(published in The Country Connections Magazine, No. 53, Winter/Spring, 2007)
The weathered old wooden sugarshack is barely visible through the swirls of smoke and steam that drift from the iron smoke stack on the roof. The sweet aroma of maple hangs in the air. My two girls, Sarah and Ann, run up the path that winds through the forest of maple trees, their black rubber boots splashing through the puddles. Three-year-old Brendan is less in a hurry to reach the shack. His attention is drawn to the sap buckets hanging on the trees. He’s already learned how to lift a half-full bucket from its hook below the spoil, and tip it up to his lips to drink the sweet nectar. But the bucket he’s chosen has only a cup of sap in the bottom. He tips it up so high that his head disappears inside and only his little round body, dressed in a red nylon splash suit and rubber boots, remains visible. He reminds me of Winnie the Pooh with his head stuck in the honey pot.
We reach the door of the sugar shack and push it open. It takes a moment to adjust to the near darkness. Sunlight dances in streams through the spaces between the blackened wall boards. Uncle Ray is leaning over the flat metal pans that are suspended on an iron frame above the firebox. He has one foot propped up on the stonewall, next to an old sludge bucket. With a flat metal scoop on a long wooden handle, he reaches over the dark liquid in the pan and skims off the foam that is forming on the top. He adds that to the bucket by his foot.
There’s a rough wooden bench along one wall where guests can sit. Behind it, large pieces of box-board have been mounted. We each search for a cooled piece of coal near the fire and add our names and the date to this “guest book” that has been there for decades. New pieces are added as space becomes scarce.
Uncle Ray moves to the front of the box and slides up the battered piece of tin to reveal a pile of red coals. He carries over an armload of split wood and adds them to the fire. The wood crackles and the flames jump. The sap in the pan above begins to bubble. He replaces the tin cover to contain the fire, and then returns his attention to the pans.

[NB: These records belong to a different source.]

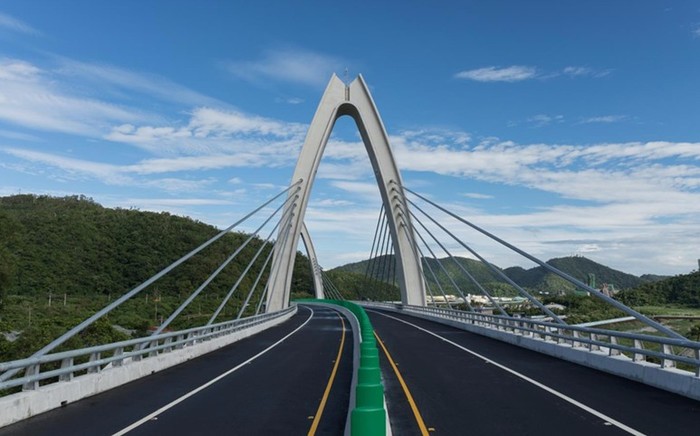 Baimi Viaduct at Suhua Highway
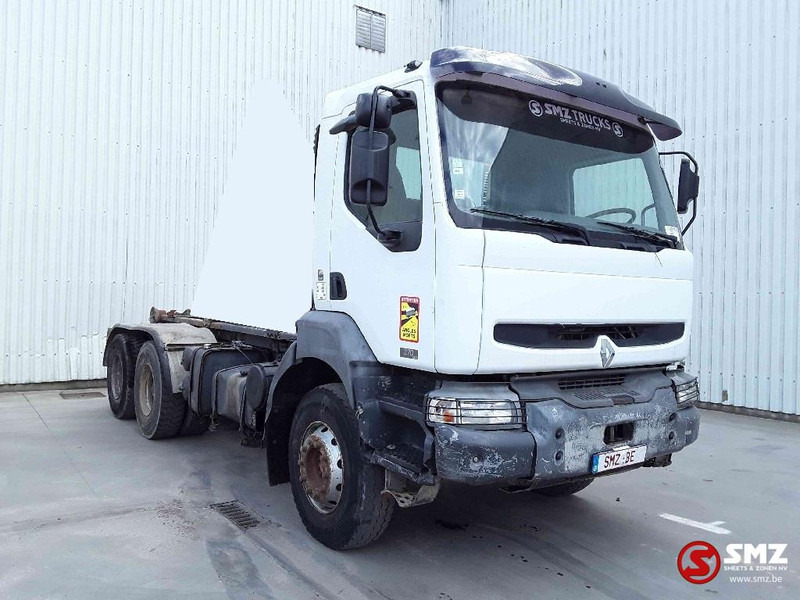 Renault Kerax 370 steel lames - Kabiinišassiiga veoauto: pilt 1 Renault Kerax 370 steel lames - Kabiinišassiiga veoauto: pilt 1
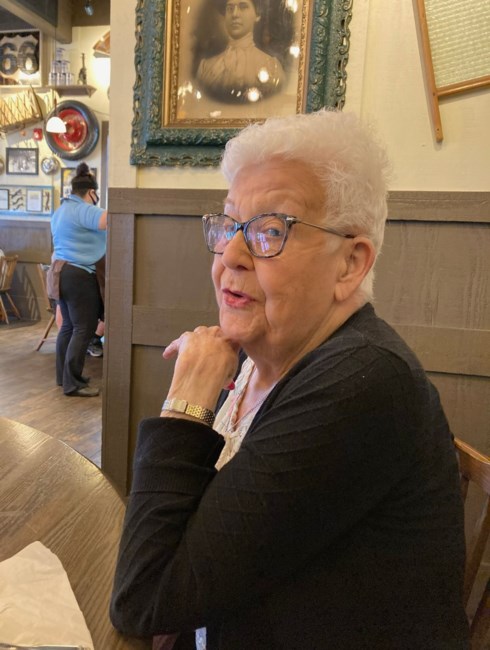 Obituario de Doreen B Fluker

There are two large pans, each about four feet long and three feet wide. The fire is built directly under the front pan. As the sap in that pan boils and evaporates, cooler sap from the back pan is scooped up in a ladle, and transferred to the front pan. The ladle is devised from another sap bucket with a wooden handle. Grey metal milk cans are lined up along the wall. They contain more sap that will be added to the back pan as its contents diminish.
More buckets sit on a table on the opposite wall. White cotton cloths are draped inside them and secured with wooden clothespins. When the big tin thermometer tells Ray that the sap has reached the temperature to become syrup, he takes a sample on a soup spoon and lets it cool for a bit. Then he turns the spoon to let the liquid slide around. If it leaves a nice film on the spoon, he tastes it. Once he’s given it his approval, he pours the syrup into the lined buckets. The cloths strain out any sediments to make the syrup clear and smooth.
“I’ve brought Johnny Cake, Uncle Ray,” I say and he grins. “I’ve got fresh maple syrup to pour over it,” he replies with a chuckle.
By now there are several aunts, uncles and cousins crowding around, all on a Sunday afternoon outing to the sugar bush. I cut the cornmeal cake and serve it on plates. Ray adds a ladle of warm syrup to each.
When we’ve all eaten, it’s time to load up the wagon with empty milk cans, gathering pails and the one big gathering tank. Ray stays and tends the fire while the rest of us head out to harvest the day’s sap. Many of us manage to squeeze into the wagon, slumped between milk cans and pails.
“Don’t sit on the milk cans. We’ll never get the lids off,” Ray calls out to us.
We all hold on tight as the battered red farm tractor pulls us over the bumpy track towards the lower bush. When it stops, we clamber out with our pails and make our way through the maze of buckets that are now overflowing with the clear liquid. I place my pail along side a bucket, holding the tin lid up with one finger, and tip the bucket until its contents pour into my pail. If the sap has run well, I’ll only be able to empty two or three buckets before carrying my pail back to the wagon to be emptied into the gathering tank.
Soon the ping, ping of sap dripping into the now empty buckets can be heard behind us. It takes nearly an hour to gather all the sap from the 300 buckets that have been hung.
Back at the sugar shack the liquid treasure is unloaded. Ray has filled cans and bottles with the thick sweet liquid, ready for distribution. It was a good run so someone will have to tend the fire all night to keep the sap boiling. Between Ray and his nephews, it will be done out of love for the tradition.
It’s the 1970’s and most area maple syrup producers, as a labour saving measure, have installed plastic pipelines to carry the sap directly to the large, modern sugar-houses. But they’ve become commercial enterprises. Ours is a family affair. We make enough syrup to provide the extended family with all we need. Any excess is sold to long-standing customers who prefer the taste of maple syrup made the old fashioned way.